Since BREXIT investors have flooded into Global stocks which now look fully valued and could be on the crest of the wave. With the outlook for BREXIT becoming clearer I suspect sterling will recover. Since purchasing the above we have had mergers/TOs(Intu and Westfields) anounced and I suspect the value buyers will be looking very closely. ( I am sure the M&A departments will be very busy over XMAS)
I know others on this site will say the Companies have not done well over so many years but don't be put of by them as I like to look forward.

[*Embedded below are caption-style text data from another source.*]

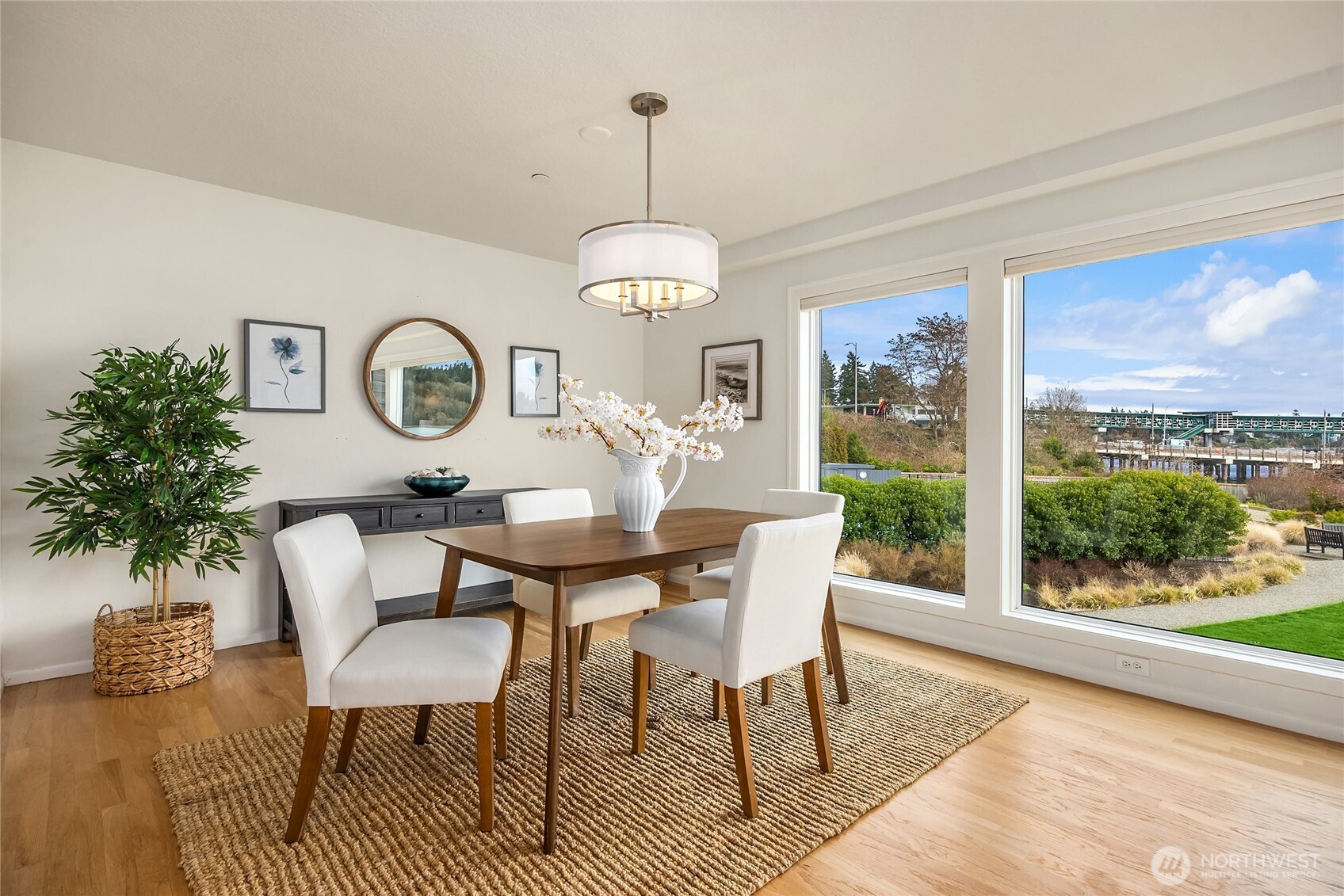 428 Harborview Drive SE #121, Bainbridge Island, WA 98110-2401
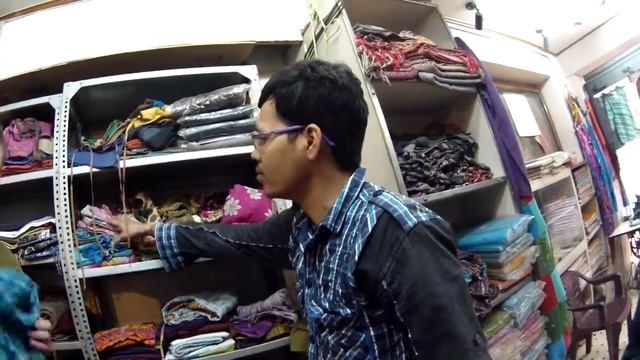 Магазин около отеля. Варанаси. смотреть онлайн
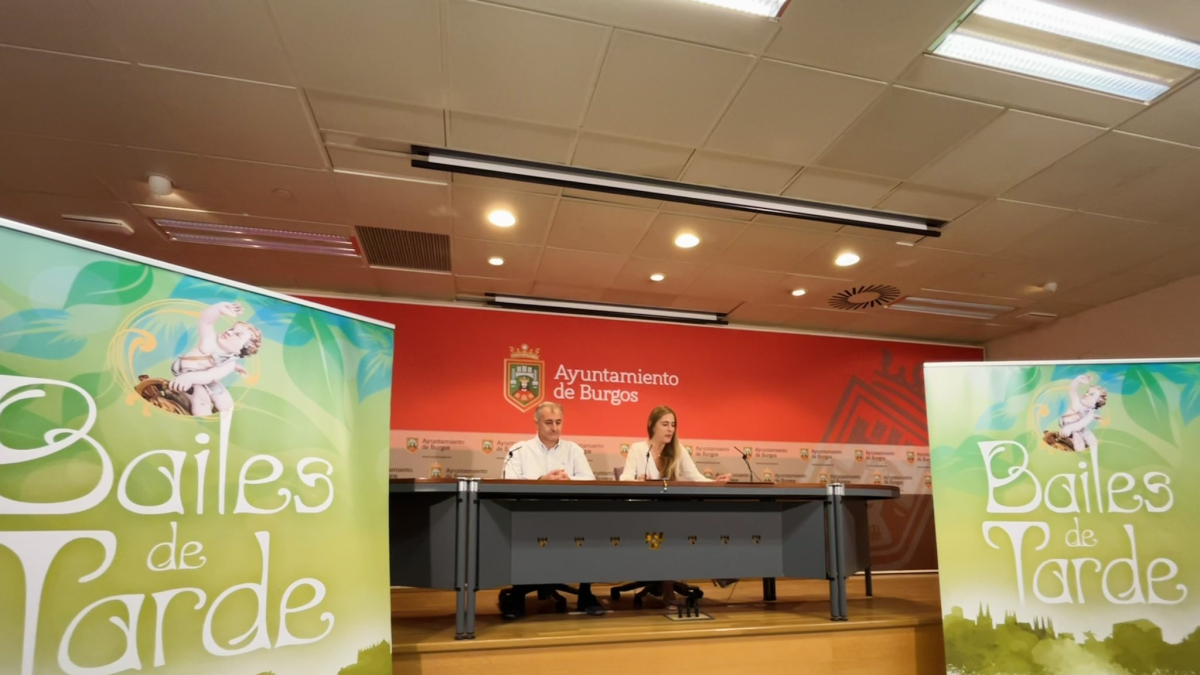 La edil de Festejos, Carolina Álvarez, ha presentado la cita junto al gerente de Cultura, Luis Simancas.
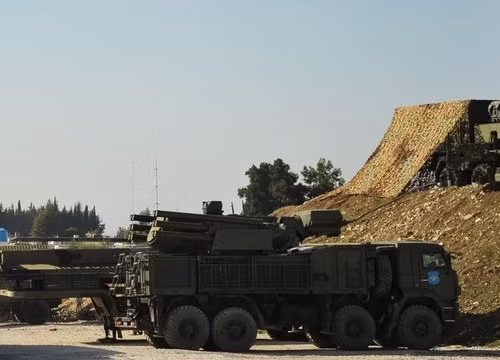 Việc Pantsir-S1 đánh chặn thành công tất cả các loại phương tiện và vũ khí "bất hợp pháp" ở Syria cũng cho thấy hiệu quả rất cao của nó, vượt trội mọi vũ khí tương tự của phương Tây như hệ thống phòng không Patriot-3 (PAC-3) của Mỹ hay hệ thống Iron Dome của Israel.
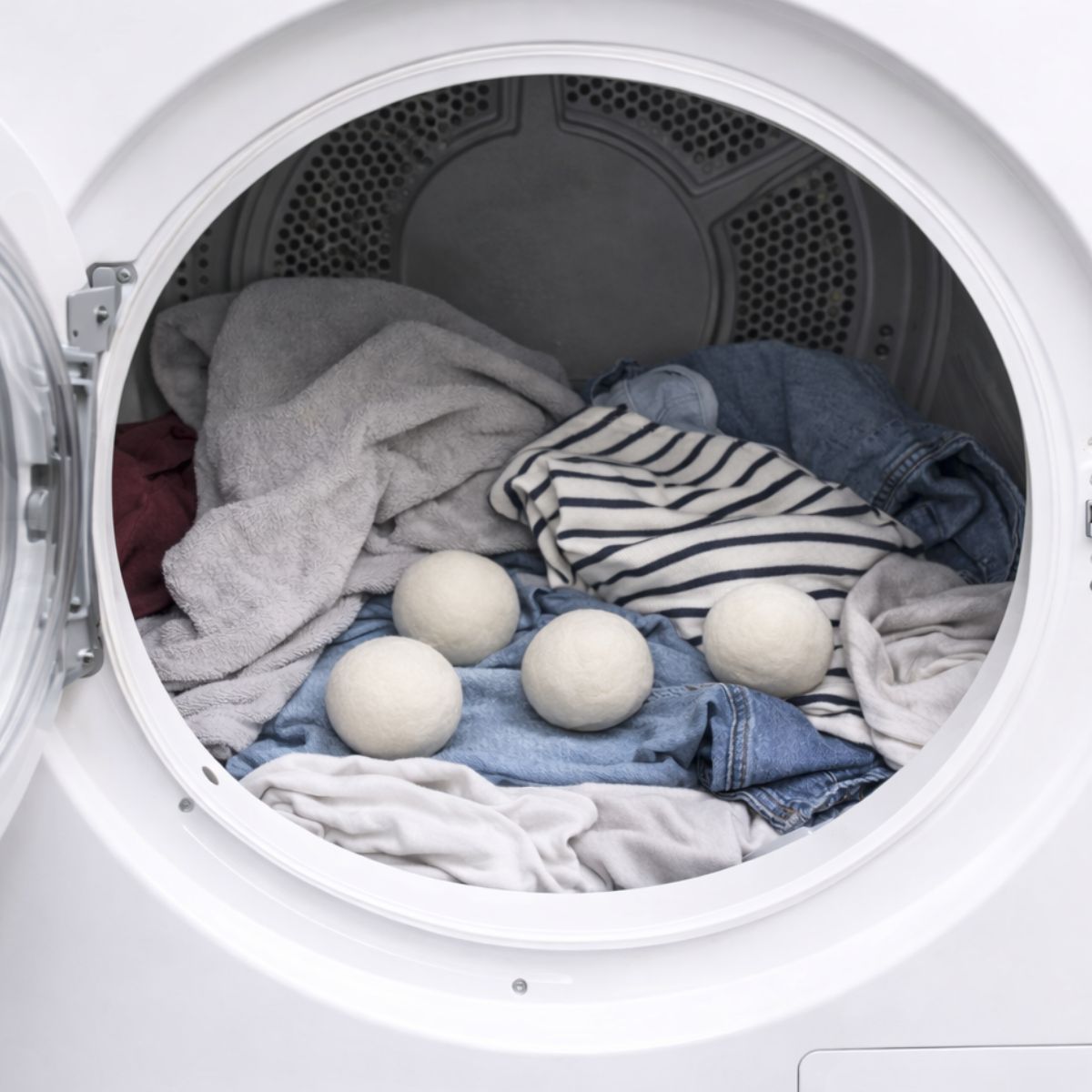 כדורי הצמר של איזינייטס בתוך המייבש כביסה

Any opinion on why FCPT has swung back to a (small) discount in the last week? It's needed something like 2008 or the immediate aftermath of the brexit referendum to knock its usual premium off before. All I can think is it's some anticipation of the imminent quarterly NAV update writing down FCPT's prime London properties on renewed banker brexodus fears (or equivalently the market just not believing the NAV).

Definitely expecting to be directing my "dividend hose" towards domestic UK asset beds over the next year. "Be greedy when others are fearful" etc (although I suspect the point of maximum dooooom has yet to arrive). Already had years of filling my boots with global assets while sterling was still worth something.
1 user thanked Tim D for this post.
Mickey on 14/12/2017(UTC)
Big boy
Posted: 14 December 2017 16:54:40(UTC)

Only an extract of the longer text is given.